Jean-Paul Pinte : Ce n'est pas la première fois qu'Anonymous revendique des attaques, leurs actions sont donc à prendre au sérieux. Ils ont déjà fait leur preuve avec par exemple l'attaque en 2012 du site de l'agence de renseignement australienne, mais aussi celle du site de l'Elysée, ou celle du ministère de la défense dont le site a été victime d'une attaque par déni de service (une action coordonnée d'un grand nombre d'internautes pour saturer le serveur NDLR) en mémoire de Rémi Fraisse. Ils n'en sont pas à leur coup d'essai et multiplient les actions ces dernières années. A la base, leur cible se constitue des ennemis de la liberté d'expression, ce n'est pas l'islam qui est visée mais la propagande des islamistes. Pour eux le Web est un espace de liberté et de partage. Anonymous est un collectif mondial assez diffus de hackers "activistes" (un mouvement appelé "hacktivisme" NDLR). A la suite des attentats de Charlie Hebdo, ils ont décidé de parler de leur volonté de réagir sur le site Paste-Bin et planifient une attaque massive le 15 janvier. Leur particularité est qu'ils n'ont pas de hiérarchie pure ni de porte-parole, par contre ils ont des moyens assez importants : à la base, ils utilisent des "petites mains" qui deviennent ensuite des personnes un peu plus compétentes, puis, à la fin, des hackers experts qui peuvent interagir sur des systèmes informatiques. Malgré cet aspect diffus, ils sont organisés et il s'agit d'un groupe sérieux.

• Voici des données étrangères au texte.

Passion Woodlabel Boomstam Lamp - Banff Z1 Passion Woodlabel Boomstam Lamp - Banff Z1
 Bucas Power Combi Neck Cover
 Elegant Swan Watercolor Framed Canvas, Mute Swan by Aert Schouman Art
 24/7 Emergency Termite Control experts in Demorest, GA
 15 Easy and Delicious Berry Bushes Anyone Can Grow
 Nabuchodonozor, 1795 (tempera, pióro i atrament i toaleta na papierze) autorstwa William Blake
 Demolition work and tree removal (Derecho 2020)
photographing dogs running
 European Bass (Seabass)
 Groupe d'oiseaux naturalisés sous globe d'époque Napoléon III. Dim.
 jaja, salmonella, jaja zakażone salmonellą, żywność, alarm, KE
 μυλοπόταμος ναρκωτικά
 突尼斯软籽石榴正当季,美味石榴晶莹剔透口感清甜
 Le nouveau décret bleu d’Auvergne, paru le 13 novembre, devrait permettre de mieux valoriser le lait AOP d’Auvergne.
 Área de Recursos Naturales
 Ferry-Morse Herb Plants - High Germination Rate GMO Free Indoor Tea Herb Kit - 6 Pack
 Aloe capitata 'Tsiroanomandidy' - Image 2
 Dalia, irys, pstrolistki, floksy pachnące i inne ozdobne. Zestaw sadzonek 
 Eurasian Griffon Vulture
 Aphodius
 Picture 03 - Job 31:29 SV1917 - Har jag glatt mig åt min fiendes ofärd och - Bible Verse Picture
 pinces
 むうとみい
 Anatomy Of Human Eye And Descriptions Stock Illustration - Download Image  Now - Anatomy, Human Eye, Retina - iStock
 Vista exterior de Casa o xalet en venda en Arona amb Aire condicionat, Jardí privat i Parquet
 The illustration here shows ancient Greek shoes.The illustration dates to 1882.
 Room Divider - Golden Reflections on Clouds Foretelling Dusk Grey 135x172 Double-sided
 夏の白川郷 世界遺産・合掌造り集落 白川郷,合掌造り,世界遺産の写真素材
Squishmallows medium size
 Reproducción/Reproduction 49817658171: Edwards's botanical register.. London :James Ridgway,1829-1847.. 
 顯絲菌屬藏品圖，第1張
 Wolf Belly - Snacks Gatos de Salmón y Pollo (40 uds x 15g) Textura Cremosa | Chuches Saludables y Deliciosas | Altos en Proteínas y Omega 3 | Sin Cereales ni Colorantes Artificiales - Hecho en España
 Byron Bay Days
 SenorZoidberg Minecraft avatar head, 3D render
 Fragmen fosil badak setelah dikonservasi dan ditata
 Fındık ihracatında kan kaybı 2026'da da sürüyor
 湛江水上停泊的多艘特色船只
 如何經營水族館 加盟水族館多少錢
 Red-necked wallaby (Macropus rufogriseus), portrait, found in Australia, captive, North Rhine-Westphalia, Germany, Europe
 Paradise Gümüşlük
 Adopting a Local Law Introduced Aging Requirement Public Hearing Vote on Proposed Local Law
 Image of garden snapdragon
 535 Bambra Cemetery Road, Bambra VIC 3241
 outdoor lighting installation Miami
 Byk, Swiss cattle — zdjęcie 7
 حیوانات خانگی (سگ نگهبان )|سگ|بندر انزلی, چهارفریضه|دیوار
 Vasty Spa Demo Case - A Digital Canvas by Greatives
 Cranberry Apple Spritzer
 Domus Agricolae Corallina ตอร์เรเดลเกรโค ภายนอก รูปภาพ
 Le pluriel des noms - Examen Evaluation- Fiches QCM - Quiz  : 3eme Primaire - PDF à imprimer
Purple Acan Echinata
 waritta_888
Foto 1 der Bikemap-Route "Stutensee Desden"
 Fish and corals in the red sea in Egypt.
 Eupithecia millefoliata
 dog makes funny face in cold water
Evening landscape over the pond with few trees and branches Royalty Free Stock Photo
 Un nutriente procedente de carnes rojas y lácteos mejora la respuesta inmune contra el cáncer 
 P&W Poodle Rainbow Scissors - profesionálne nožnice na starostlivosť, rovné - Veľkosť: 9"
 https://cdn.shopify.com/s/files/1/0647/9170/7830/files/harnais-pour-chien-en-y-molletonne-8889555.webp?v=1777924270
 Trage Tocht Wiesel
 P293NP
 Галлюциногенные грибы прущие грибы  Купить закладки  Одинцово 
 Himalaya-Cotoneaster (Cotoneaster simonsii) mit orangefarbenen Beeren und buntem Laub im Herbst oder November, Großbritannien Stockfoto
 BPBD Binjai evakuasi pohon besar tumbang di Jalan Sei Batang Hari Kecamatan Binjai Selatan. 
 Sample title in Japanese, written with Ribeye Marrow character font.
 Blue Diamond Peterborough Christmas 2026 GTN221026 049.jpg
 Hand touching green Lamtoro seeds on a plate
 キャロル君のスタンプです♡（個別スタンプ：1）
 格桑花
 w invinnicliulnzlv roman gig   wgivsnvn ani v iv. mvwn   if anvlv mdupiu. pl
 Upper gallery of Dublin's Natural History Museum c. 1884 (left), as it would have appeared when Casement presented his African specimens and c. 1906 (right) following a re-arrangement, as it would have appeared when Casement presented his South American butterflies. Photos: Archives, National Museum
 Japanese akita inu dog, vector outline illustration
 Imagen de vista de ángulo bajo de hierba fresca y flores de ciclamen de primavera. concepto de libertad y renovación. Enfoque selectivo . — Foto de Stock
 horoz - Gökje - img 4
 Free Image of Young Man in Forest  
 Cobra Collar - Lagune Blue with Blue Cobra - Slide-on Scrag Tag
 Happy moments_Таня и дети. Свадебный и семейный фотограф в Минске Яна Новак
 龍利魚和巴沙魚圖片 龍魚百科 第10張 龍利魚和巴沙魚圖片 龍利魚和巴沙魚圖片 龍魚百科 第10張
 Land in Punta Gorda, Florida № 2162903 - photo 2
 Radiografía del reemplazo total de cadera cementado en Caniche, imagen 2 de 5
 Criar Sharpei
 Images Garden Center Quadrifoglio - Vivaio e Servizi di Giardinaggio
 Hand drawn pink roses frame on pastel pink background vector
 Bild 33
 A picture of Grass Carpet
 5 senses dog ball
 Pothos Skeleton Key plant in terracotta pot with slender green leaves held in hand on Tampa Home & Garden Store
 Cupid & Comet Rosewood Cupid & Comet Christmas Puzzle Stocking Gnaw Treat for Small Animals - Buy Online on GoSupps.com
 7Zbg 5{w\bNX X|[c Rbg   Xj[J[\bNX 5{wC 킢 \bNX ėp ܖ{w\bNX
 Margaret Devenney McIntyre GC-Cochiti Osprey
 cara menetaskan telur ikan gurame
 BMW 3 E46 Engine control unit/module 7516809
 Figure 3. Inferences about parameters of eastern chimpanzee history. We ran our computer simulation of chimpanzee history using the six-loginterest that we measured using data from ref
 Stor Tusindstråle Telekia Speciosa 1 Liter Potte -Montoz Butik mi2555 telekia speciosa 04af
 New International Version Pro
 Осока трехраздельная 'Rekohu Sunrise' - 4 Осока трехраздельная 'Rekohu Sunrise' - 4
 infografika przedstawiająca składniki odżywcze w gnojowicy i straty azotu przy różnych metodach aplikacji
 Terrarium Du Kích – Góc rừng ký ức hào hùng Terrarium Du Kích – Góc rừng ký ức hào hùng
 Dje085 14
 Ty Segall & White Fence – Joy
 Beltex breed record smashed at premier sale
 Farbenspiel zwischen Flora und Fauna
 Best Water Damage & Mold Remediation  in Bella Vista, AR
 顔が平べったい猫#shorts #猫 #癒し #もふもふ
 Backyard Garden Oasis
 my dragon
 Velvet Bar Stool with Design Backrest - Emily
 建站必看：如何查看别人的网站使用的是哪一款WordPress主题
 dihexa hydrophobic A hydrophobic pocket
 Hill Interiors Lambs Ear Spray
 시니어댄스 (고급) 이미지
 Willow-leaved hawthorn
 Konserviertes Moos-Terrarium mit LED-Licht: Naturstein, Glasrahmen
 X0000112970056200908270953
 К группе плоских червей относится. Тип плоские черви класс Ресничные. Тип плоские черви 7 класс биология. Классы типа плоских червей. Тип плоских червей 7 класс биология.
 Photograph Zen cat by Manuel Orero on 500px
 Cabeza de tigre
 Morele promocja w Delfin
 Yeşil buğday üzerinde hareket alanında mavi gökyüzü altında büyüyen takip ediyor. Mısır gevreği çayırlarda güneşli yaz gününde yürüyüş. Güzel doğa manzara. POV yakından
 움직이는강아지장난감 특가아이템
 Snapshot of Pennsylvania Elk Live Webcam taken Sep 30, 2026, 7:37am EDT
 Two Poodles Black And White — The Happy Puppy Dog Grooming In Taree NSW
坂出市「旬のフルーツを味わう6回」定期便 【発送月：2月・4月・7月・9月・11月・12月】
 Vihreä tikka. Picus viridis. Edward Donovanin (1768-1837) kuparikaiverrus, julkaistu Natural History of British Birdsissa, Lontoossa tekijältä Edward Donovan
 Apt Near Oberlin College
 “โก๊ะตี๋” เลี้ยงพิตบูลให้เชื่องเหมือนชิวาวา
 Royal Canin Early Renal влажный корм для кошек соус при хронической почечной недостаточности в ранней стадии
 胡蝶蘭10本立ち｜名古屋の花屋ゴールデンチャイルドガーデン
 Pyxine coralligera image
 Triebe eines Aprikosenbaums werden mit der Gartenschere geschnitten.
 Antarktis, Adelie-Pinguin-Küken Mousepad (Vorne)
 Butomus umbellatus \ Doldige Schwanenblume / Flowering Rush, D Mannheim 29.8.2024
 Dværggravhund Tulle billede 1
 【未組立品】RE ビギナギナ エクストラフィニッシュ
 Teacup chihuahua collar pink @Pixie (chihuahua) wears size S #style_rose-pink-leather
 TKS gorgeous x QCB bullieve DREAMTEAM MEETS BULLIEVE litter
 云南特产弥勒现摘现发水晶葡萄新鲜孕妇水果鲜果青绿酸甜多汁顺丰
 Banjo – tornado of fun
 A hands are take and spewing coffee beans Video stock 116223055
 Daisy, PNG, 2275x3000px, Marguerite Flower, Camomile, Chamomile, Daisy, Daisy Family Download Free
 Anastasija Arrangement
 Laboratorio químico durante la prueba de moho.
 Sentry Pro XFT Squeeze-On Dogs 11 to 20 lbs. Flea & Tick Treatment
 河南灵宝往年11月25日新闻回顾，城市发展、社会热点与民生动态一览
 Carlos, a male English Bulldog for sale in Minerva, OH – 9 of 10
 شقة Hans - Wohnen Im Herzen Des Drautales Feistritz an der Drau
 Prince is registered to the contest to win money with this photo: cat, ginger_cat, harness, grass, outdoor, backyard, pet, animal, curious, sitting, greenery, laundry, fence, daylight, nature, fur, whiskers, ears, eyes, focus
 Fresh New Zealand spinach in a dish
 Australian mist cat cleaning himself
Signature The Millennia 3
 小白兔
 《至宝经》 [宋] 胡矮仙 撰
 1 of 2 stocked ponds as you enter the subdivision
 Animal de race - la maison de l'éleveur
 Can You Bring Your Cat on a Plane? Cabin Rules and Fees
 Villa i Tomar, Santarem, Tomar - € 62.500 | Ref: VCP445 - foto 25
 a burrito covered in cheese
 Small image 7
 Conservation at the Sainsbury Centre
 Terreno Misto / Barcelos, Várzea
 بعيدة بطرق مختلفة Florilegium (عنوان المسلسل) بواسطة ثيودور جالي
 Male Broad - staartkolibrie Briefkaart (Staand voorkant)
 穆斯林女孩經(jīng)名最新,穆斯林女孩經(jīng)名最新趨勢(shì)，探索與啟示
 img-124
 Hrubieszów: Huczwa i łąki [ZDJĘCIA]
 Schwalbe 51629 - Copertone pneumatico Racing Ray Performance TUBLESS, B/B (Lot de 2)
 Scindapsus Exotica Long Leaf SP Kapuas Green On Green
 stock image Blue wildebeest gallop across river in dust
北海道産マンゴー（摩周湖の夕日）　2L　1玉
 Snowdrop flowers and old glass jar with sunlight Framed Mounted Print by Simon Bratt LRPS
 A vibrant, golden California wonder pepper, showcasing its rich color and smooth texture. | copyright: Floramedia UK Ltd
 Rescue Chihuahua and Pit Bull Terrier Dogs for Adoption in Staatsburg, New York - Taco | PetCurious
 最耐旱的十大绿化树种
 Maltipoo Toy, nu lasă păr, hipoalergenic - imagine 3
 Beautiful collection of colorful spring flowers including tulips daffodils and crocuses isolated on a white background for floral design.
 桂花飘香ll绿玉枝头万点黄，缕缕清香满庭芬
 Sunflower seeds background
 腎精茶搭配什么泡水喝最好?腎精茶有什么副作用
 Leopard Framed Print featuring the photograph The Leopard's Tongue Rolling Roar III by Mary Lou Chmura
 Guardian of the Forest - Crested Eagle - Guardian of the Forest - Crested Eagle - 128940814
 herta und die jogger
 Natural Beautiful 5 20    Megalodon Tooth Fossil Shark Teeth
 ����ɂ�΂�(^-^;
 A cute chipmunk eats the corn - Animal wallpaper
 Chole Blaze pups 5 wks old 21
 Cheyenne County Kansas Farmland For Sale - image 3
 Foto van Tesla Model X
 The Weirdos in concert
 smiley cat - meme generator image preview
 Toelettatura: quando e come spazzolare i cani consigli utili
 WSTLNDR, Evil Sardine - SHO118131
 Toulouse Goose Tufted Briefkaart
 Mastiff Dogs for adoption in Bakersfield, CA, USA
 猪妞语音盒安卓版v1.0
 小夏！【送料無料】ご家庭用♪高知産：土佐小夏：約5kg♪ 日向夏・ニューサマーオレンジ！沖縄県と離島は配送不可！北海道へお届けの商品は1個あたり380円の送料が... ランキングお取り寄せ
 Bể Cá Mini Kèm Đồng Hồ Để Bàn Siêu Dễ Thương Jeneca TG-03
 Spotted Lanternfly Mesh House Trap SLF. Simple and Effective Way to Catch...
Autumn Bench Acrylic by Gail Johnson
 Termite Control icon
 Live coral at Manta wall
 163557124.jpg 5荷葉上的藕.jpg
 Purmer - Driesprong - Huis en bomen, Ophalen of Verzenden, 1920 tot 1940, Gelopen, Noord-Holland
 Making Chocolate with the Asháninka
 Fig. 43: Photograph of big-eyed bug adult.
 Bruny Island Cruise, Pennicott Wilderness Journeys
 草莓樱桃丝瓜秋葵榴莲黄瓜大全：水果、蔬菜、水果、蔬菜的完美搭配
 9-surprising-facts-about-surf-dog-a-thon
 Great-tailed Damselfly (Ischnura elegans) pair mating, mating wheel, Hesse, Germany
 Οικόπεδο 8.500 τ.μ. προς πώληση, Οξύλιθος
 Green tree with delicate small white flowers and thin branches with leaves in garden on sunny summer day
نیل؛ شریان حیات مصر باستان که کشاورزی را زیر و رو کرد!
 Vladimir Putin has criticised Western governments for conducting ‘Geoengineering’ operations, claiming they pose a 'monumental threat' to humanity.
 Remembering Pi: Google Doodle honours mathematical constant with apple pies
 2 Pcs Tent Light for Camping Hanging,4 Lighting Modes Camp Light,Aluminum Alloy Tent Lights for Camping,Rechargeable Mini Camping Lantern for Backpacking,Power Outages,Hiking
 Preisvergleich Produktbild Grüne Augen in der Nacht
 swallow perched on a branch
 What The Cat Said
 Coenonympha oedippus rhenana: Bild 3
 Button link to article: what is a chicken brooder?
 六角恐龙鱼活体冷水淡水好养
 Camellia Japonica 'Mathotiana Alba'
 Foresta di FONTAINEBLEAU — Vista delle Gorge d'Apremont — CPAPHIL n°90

La police française a demandé à ce que personne ne joue son rôle sur Internet, car cela pourrait gêner le travail d'enquête. Cette "cyber-justice" anonyme menée au nom de la communauté présente-t-elle des risques ? Après tout, on dit que l'enfer est pavé de bonnes intentions …

Oui, cela présente le risque de fausser les enquêtes. On peut faire le parallèle avec ce qu'on a dit sur la télévision et les journalistes récemment. Les chaînes de TV ont été parfois très mauvaises dans la gestion des crises. Je pense notamment à ce terroriste à Paris qui regardait la télé en même temps et qui pouvait suivre l'action des deux autres complices. Pour Internet c'est pareil : on peut toujours lancer un petit tweet avec l'effet d'une bombe et un équipement de communication peut mettre le bazar. Rien que certaines idées exprimées sur le net en rapport avec les récents évènements, par rapport à la défense des criminels par exemple, gênent la police sans que l'on s'en rende compte.

En face des Anonymous, leurs adversaires : des hackers se présentant comme "islamistes" ou revendiquant leur appartenance à divers groupes comme Daech. Ils ont d'ailleurs piraté un bon nombre de sites publics français ces derniers jours. Ces pirates sont-ils organisés et agissent-ils dans le cadre d'une stratégie commune ? Dans ce cas, quel est leur but ?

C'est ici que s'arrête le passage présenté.